# EN: who / whom - when used with a preposition



## Junky_Hero

Hello everyone, i have a doubt about what word to use in this sentence:
Whom i'm talking about or Who i'm talking about
Here it's an object and not a subject so we should use whom , but usually people use who.
Is that a mistake ?

*Moderator note:* Multiple threads have been merged to create this one.


----------



## Tim~!

Not particularly a mistake.

Traditionally the object form is indeed _whom_.  Over the passage of recent time, the use of _whom_ has become less and less common, and most people tend to use _who_.

The sole exception that I can think of is after a preposition.  Because putting a preposition at the beginning of the clause is a higher style of English, there's more chance of that person using _whom_ too.

_"About who are you talking?"_ sounds terrible to us.

_"About whom are you talking?" _sounds nice and is considered by many to be "correct" English.

Most people would say "_Who are you talking about?_", which sounds perfectly natural and is fine, although some people would complain (incorrectly) that one can't use prepositions at the end of a sentence.  This is by far the most common form.

The other one is _"Whom are you talking about?"  _This is fine, though rare.  It uses _whom _appropriately, although most people would choose _who_, since _whom _is becoming a rarely used form now.


----------



## mad nad

Could anyone tell me which is correct, please?
I wonder *who* he takes after.
or
I wonder *whom* he takes after.

Thanks!


----------



## passwords

"I wonder who he takes after" is the correct one .


----------



## Momerath

I personally would say "I wonder who he takes after" (Brit).
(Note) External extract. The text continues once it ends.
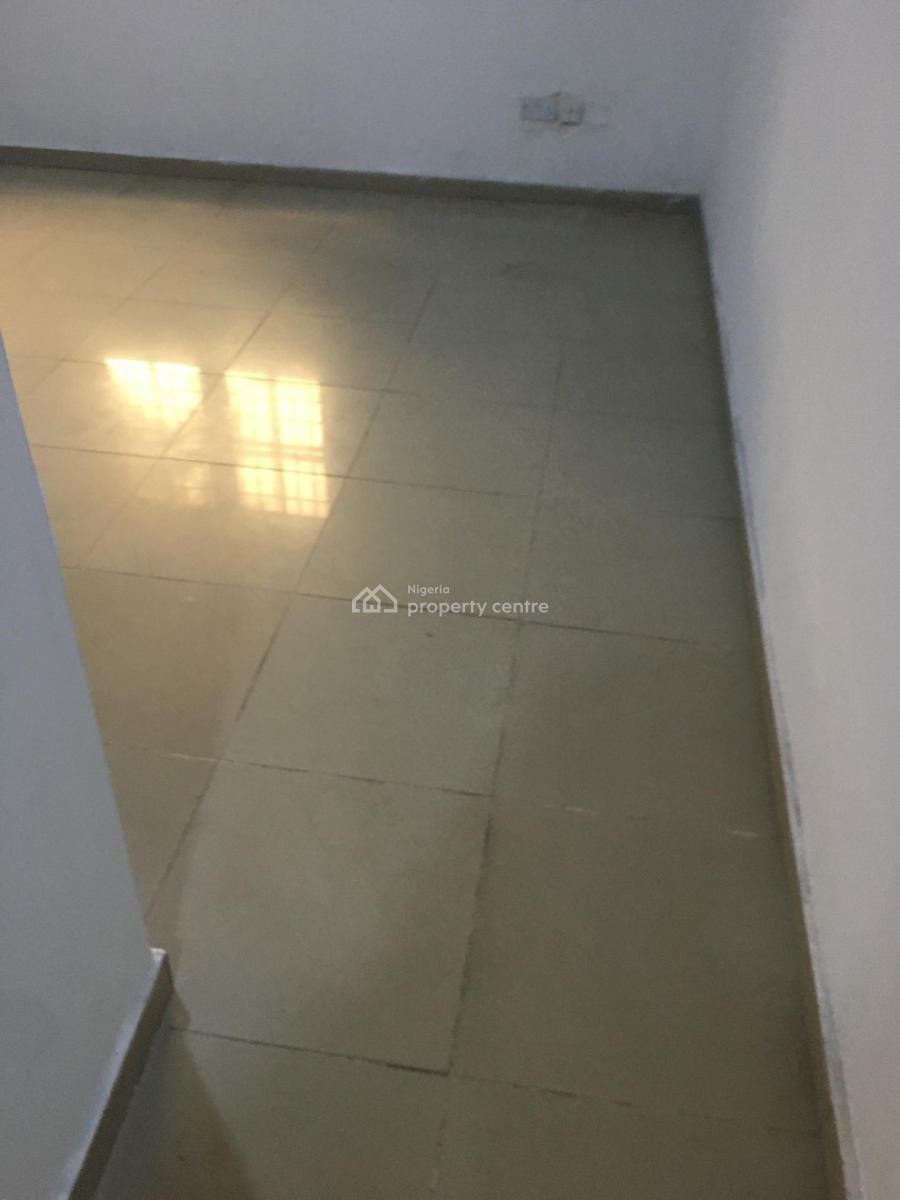 Fully Serviced 3bed Apartment + Bq Available in Lekki Phase 1, Lekki Phase 1, Lekki, Lagos, Flat / Apartment for Rent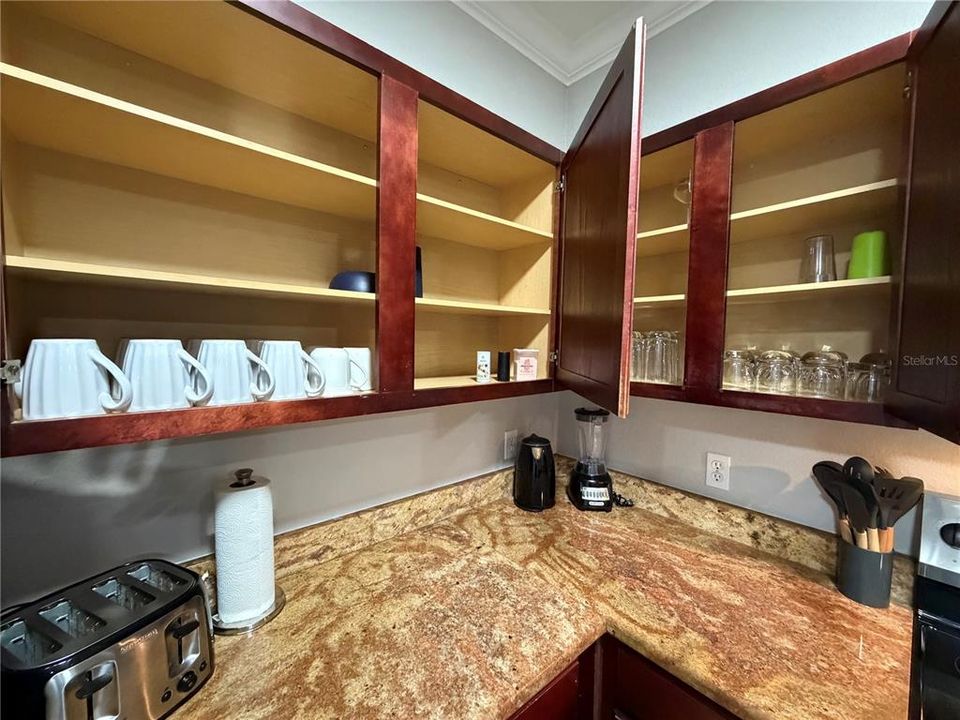 Active With Contract: $193,900 (3 beds, 2 baths, 1244 Square Feet)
But I suspect that some people, especially Americans, would say "I wonder whom he takes after". Strictly speaking, "whom" is governed by the preposition "after".


----------



## paulvial

Bonjour 

I have always had difficulties with the use of whom and who , 
in this example , I have opted for the first one , but I have some doubts 

* As-tu découvert avec qui Brigitte sort ?   
*
Have you found out _*with **whom *_Brigitte is going out ?

Have you found out _*who*_ Brigitte is going out _*with  ?

*Any help appreciated 
thanks 
_


----------



## Keith Bradford

Nobody except an eccentric Oxford professor of ancient languages would say _Have you found out with whom Brigitte is going out_ ?

Stick to the other one: _*Have you found out who Brigitte is going out with?  *_


----------



## paulvial

Thanks Keith 
Yes indeed the second one comes out more easily , but I have often made the effort of changing it because I thought it was the "proper way " (at least the way I was taught )


----------



## timpeac

Yes, as Paul says people (in my experience) would never use this supposedly "proper" construction in speech.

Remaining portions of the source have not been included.